> [Problem to work on] Images aside, the whole listing should be written out word for word.

> [Dataset excerpt]
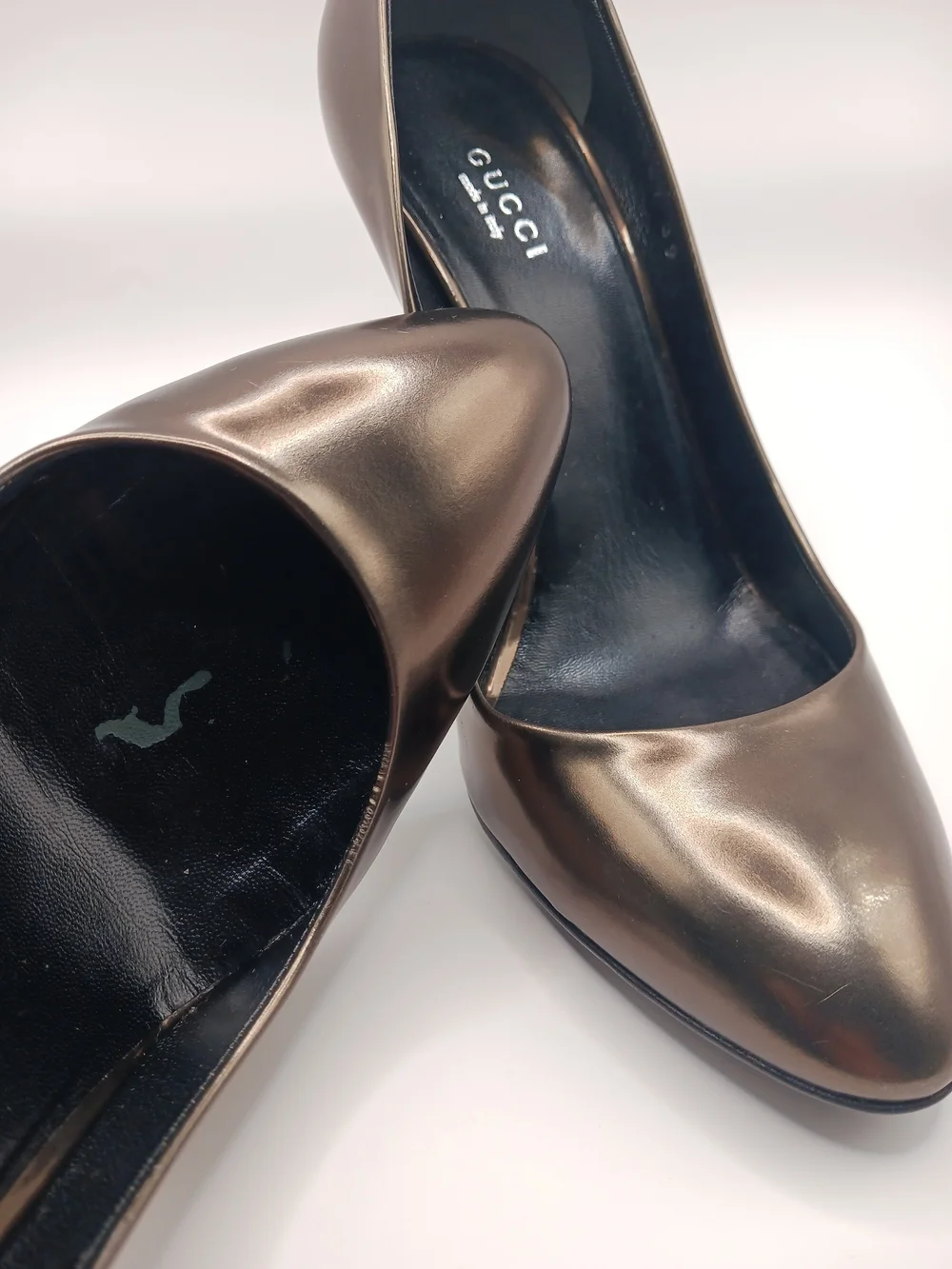 Gucci - Leather High-Heel Pumps in Metallic Bronze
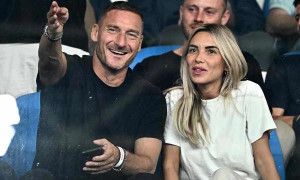 Totti e Noemi Bocchi: l&rsquo;anniversario svela (forse) un dettaglio inedito sulla fine del matrimonio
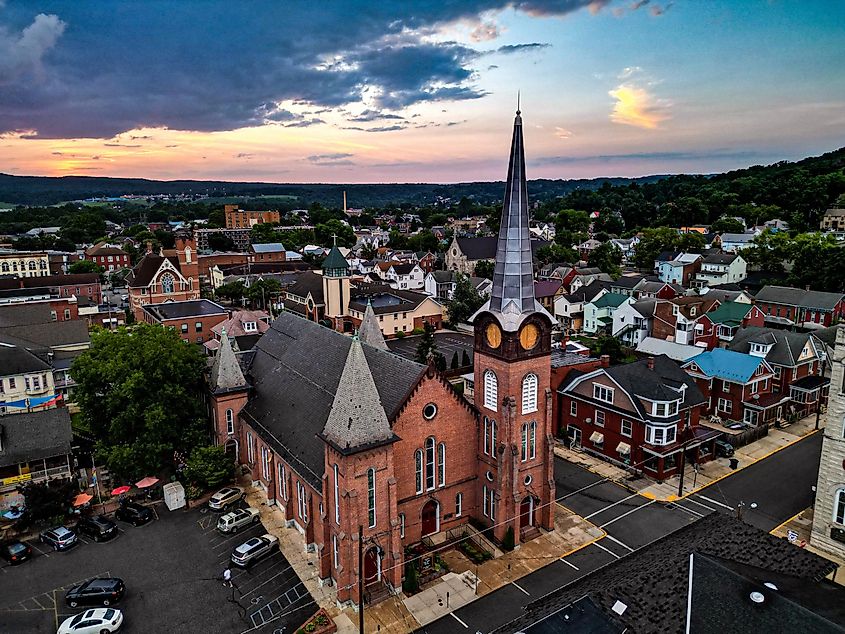 A drone flight through downtown Huntingdon, Pennsylvania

> [Final answer]
 Gucci - Leather High-Heel Pumps in Metallic Bronze
 Totti e Noemi Bocchi: l&rsquo;anniversario svela (forse) un dettaglio inedito sulla fine del matrimonio
 A drone flight through downtown Huntingdon, Pennsylvania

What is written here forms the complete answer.